**** Information shown

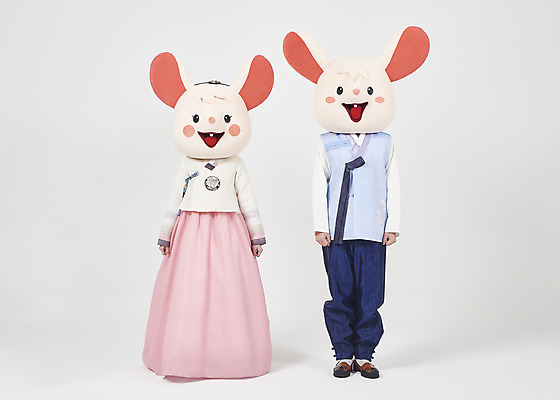 포토 JPG 스튜디오촬영 전신 한국전통 여자 명절 남자 새해 실내 서기 누끼 20대 성인 두명 앞모습 30대 귀여움 한국인 쥐띠 쥐 한복 즐거움 흰배경 쥐캐릭터 동물탈 인형탈 흰쥐 성인만 2020년 경자년 국내포토 전통 기념일 감정 뷰포인트 동물캐릭터 백그라운드 컨셉 모션 한국 사람 동양인 청년 내부 장년 흰색 십이지신 설치류 전통의상 연도 탈 파일형식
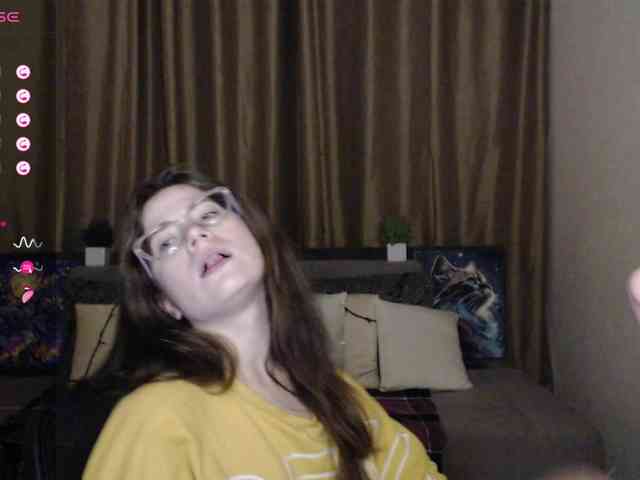 Aliciafolow009 webcam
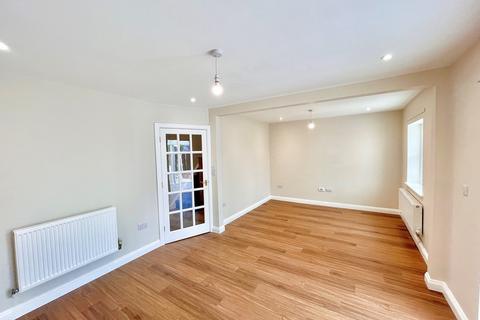 3 bedroom semi-detached house to rent, Miller Street, Droitwich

********

Task description: Print the data once more without any change, skipping each picture.

Solved problem:
 포토 JPG 스튜디오촬영 전신 한국전통 여자 명절 남자 새해 실내 서기 누끼 20대 성인 두명 앞모습 30대 귀여움 한국인 쥐띠 쥐 한복 즐거움 흰배경 쥐캐릭터 동물탈 인형탈 흰쥐 성인만 2020년 경자년 국내포토 전통 기념일 감정 뷰포인트 동물캐릭터 백그라운드 컨셉 모션 한국 사람 동양인 청년 내부 장년 흰색 십이지신 설치류 전통의상 연도 탈 파일형식
 Aliciafolow009 webcam
 3 bedroom semi-detached house to rent, Miller Street, Droitwich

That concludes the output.